Cuda multiple stream

Hi, I am working on a C++ project that involves overlap data transfer on gpus. I can do runtime like below

  for (int i = 0; i < nStreams; ++i)
  {
    int offset = i * streamSize;
    checkCuda( cudaMemcpyAsync(&d_a[offset], &a[offset], 
                               streamBytes, cudaMemcpyHostToDevice,
                               stream[i]) );
  }
  for (int i = 0; i < nStreams; ++i)
  {
    int offset = i * streamSize;
    kernel<<<streamSize/blockSize, blockSize, 0, stream[i]>>>(d_a, offset);
  }
  for (int i = 0; i < nStreams; ++i)
  {
    int offset = i * streamSize;
    checkCuda( cudaMemcpyAsync(&a[offset], &d_a[offset], 
                               streamBytes, cudaMemcpyDeviceToHost,
                               stream[i]) );
  }

But I didn’t find how to set TVMStreamHandler for these multiple stream instances yet. Currently, all of them are running on the default cuda stream. Is it possible to set multiple streams to achieve async and parallel inference in tvm ?
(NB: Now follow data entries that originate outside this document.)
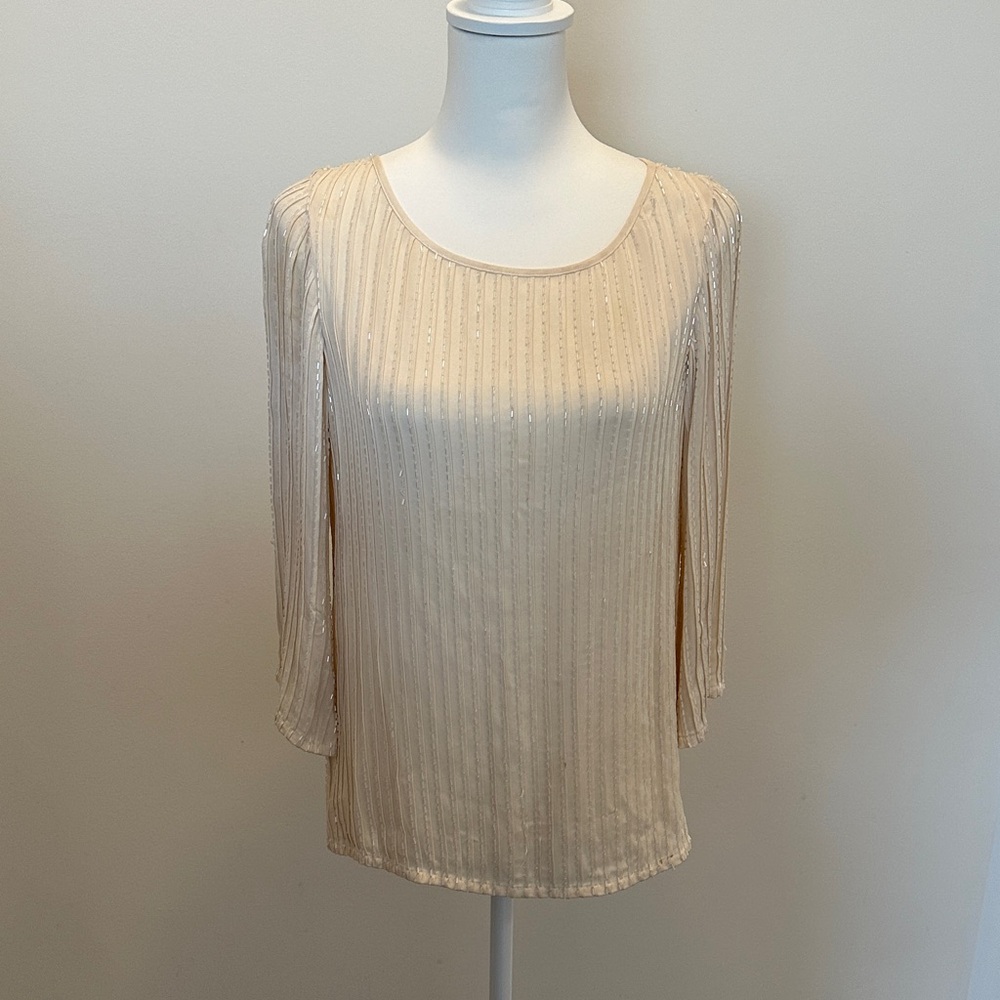 Alice + Olivia Beaded Cream Blouse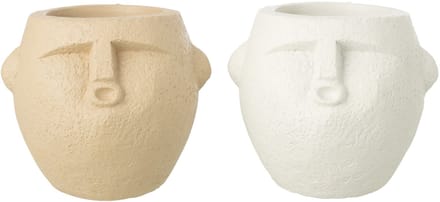 J-Line bloempot - polyresin - wit/beige - small - 2 stuks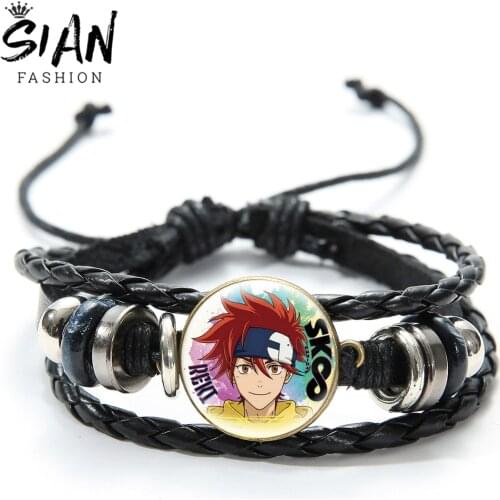 Anime SK8 The Infinity Beaded Leather Bracelet 3-Layer Braided Adjustable Black Bangles Unisex Jewelry Decoration Gifts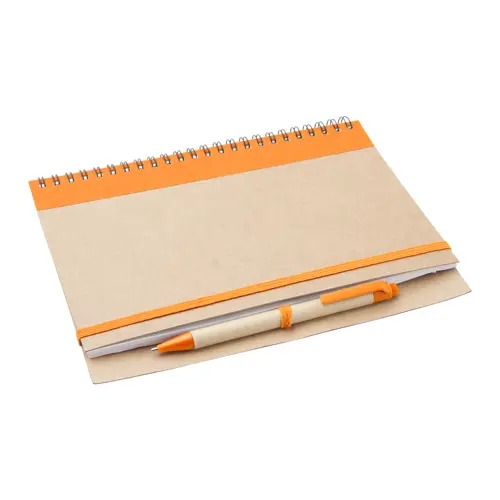 Block notes A5 copertina in carta riciclata e 60 fogli neutri con penna abbinata in refill blu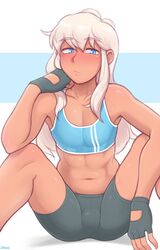 1boy abs blue_eyes blush bulge cody_(dross) dross femboy girly looking_at_viewer male male_only original shorts solo tight_clothing toned_body toned_male trap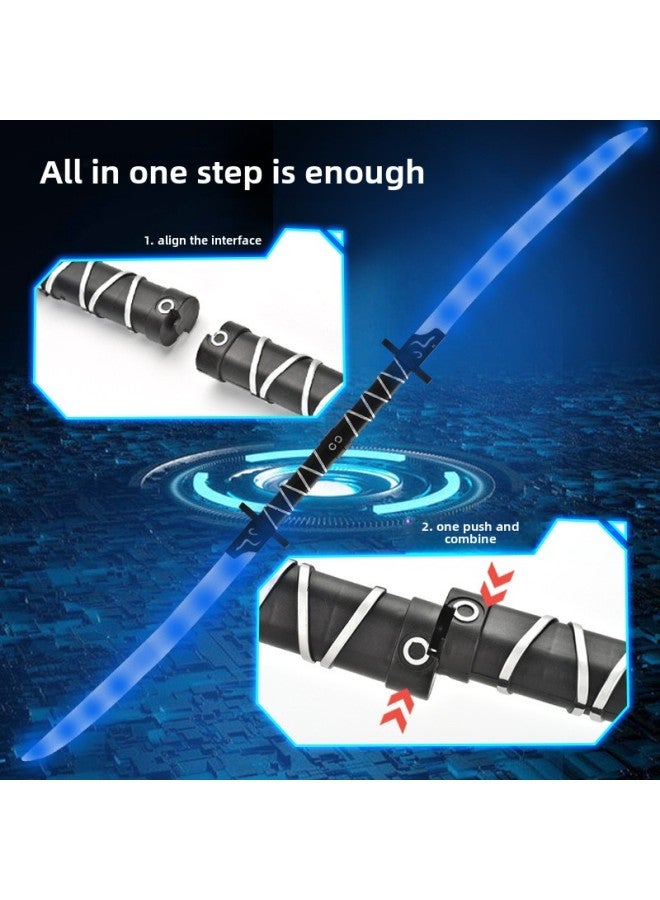 Night Market Stall Explosions Children's Toys Two-in-one Luminous Samurai Sword Colorful Lights Laser Sword Boy Toys-Color:Blue 2 Samurai Knives -Specifications:No Battery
Appreciate for any explanation of this or any suggestions about this issue. Thanks in advance!

perhaps needs to extend graph runtime to support stream management

Some python interfaces can be exposed so that the user can decide to choose his own way of launching kernel. Maybe this can be done like below

tvm.runtime_scope("stream1 ): 
   set_input()
   run()
tvm.runtime_scope("stream2): 
   set_input()
   run()
IMHO, this is quite important to speed up the inference process. What should be done is that to make sure that copy operations are properly synchronized in TVM.